A company that specializes in cleaning up North America’s worst messes just moved into a 38,000-square-foot building on Derby Avenue in Seymour.

The property is now the Connecticut Field Services Division for Clean Harbors, a Massachusetts-based company that generates more than $13 billion in revenue a year.

The company provides an array of environmental and hazardous waste management services across the U.S., Canada, Mexico and Puerto Rico.

It is best known for its large-scale emergency spill response.

When a tanker truck crashes on a highway and spills diesel fuel — or much more dangerous chemicals — all over God’s creation, crews from Clean Harbors clean the mess.

They were at Ground Zero immediately after the Sept. 11, 2001 terrorist attacks, doing everything from cleaning contaminated manholes to decontaminating emergency response trucks.

When anthrax was discovered in a postal service processing facility in New York City in 2001, Clean Harbor employees decontaminated the site.

They were in New Orleans after Hurricane Katrina in 2005, and hundreds of workers were sent to the Gulf of Mexico after the disastrous BP oil spill. 

They pretty much call Clean Harbors for things others can’t handle,” said Joseph Heron, the general manager who is in charge in Seymour.

The 8‑acre Derby Avenue property, just down the road from Tri-Town Plaza, will be the heart of the company’s emergency response unit in Connecticut.

The field services division includes two floors of office space for local managers and account executives — but the building also has a series of massive garage bays where Clean Harbors will be able to store and maintain its large fleet of emergency response vehicles.

That fleet includes vacuum trucks, tankers, mobile command centers, excavators — even two boats.

About 60 people will work in Seymour, although the number fluctuates at any given time depending on what’s happening.

Photo: Eugene DriscollThe Seymour building allowed the company to consolidate two separate Connecticut locations into one, while getting what honchos called a great deal on rent — $17,000 a month.

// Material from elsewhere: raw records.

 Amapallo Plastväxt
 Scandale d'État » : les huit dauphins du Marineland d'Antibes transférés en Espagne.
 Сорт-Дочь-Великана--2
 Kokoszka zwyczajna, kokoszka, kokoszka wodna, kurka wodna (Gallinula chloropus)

In other parts of the country, that amount gets them half the space, company officials said.

The company has a three-year lease with the property’s owner, with an option to sign on for seven more.

And Clean Harbors is looking to hire an additional three to six workers. The emergency response positions pay anywhere from $13 to $30 an hour, based on experience.

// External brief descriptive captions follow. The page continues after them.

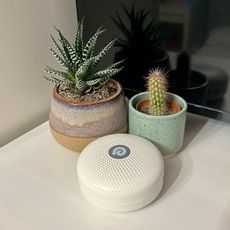 a dreamegg sound machine on a white worktop with two succulents in the background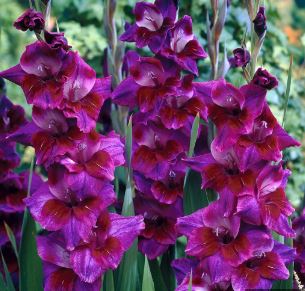 Gladiolus Alfalfa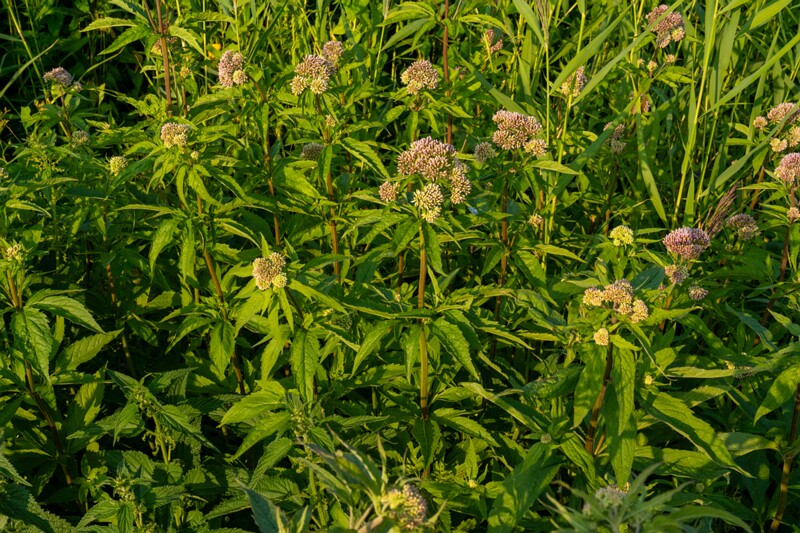 toolse-ordilinnus-52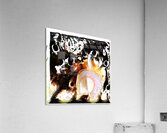 2317 8K Acrylic Print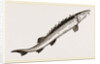 Beluga Sturgeon by Anonymous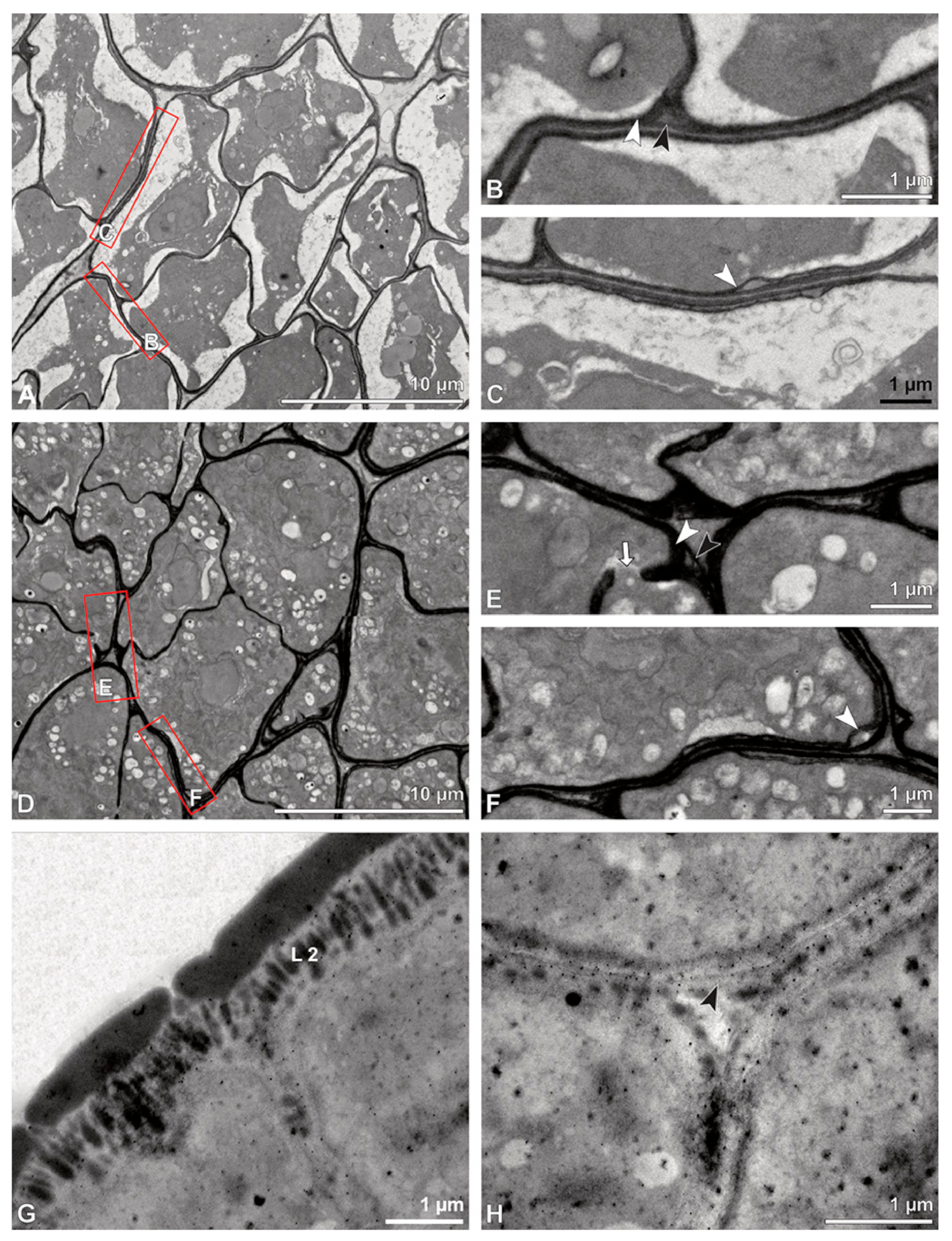 Plants 13 01114 g006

We want to continue to hire from the local community because with emergency response, it certainly helps to have people close,” said Scott Metzger, Clean Harbors’ senior vice president of field operations.

Locally, Clean Harbors crews work regularly out of Sikorsky in Stratford and at refineries in Bridgeport, so the easy access to routes 8 and 15 (along with interstates 84 and 91) was another selling point for the company.

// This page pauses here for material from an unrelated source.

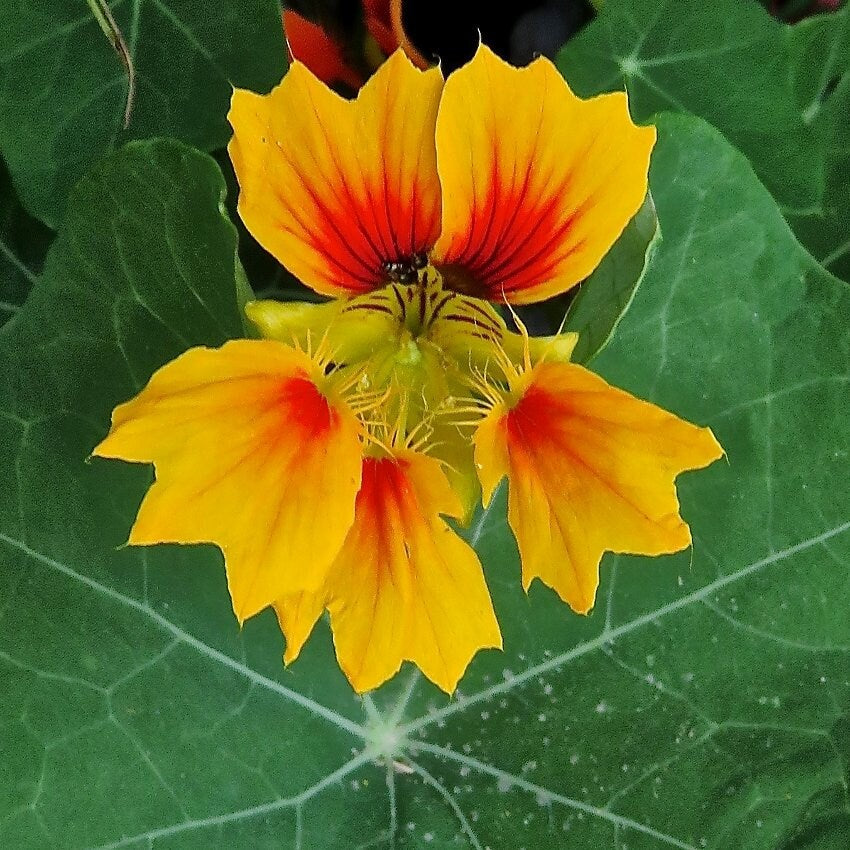 Nasturtium Phoenix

Clean Harbors held a heavily-attended ribbon-cutting ceremony Thursday that included participation by local public officials and representatives from the Greater Valley Chamber of Commerce.

Bill Purcell, the chamber’s executive director, said Shelton acts as the economic foundation for the lower Naugatuck Valley, but as the economy improves, industries are looking north to places like Seymour and Oxford.

Robert Scinto’s development of corporate office towers in Shelton led to an explosion in new businesses up and down Bridgeport Avenue.

The track record could repeat itself, as Scinto is courting tenants for his Fountain Lake project in Ansonia, a stone’s throw from the new Clean Harbors building.

The development is moving up this corridor,” Purcell said.

Purcell said Clean Harbors is precisely the type of company a town wants. It launched in 1980 as a four-person tank cleaning business.

Today the company employees more than 13,000 people. Last year it spent $1 billion to buy Safety-Clean, a company that recycles engine oil and sells specialized cleaning products to the service parts industry.

First Selectman Kurt Miller, who went on a tour of the facility with Deputy First Selectwoman Nicole Klarides-Ditria and Economic Development Director Fred Messore, said Clean Harbors has already asked how they can pitch in to help the Seymour community.

That’s what a true corporate citizen is about. The fact the corporation wants to work with the town it is in,” Miller said.

Miller said the town plans to talk about possibly moving some of the town’s emergency management equipment to the facility.

Aside from an influx of jobs, Seymour benefits from the renovated facility because the property’s value will (presumably) increase. In addition, the town can collect taxes on the equipment there, which includes (other than the machinery) $900 hazmat suits and $8,000 handheld devices that detect the presence of mercury in the air.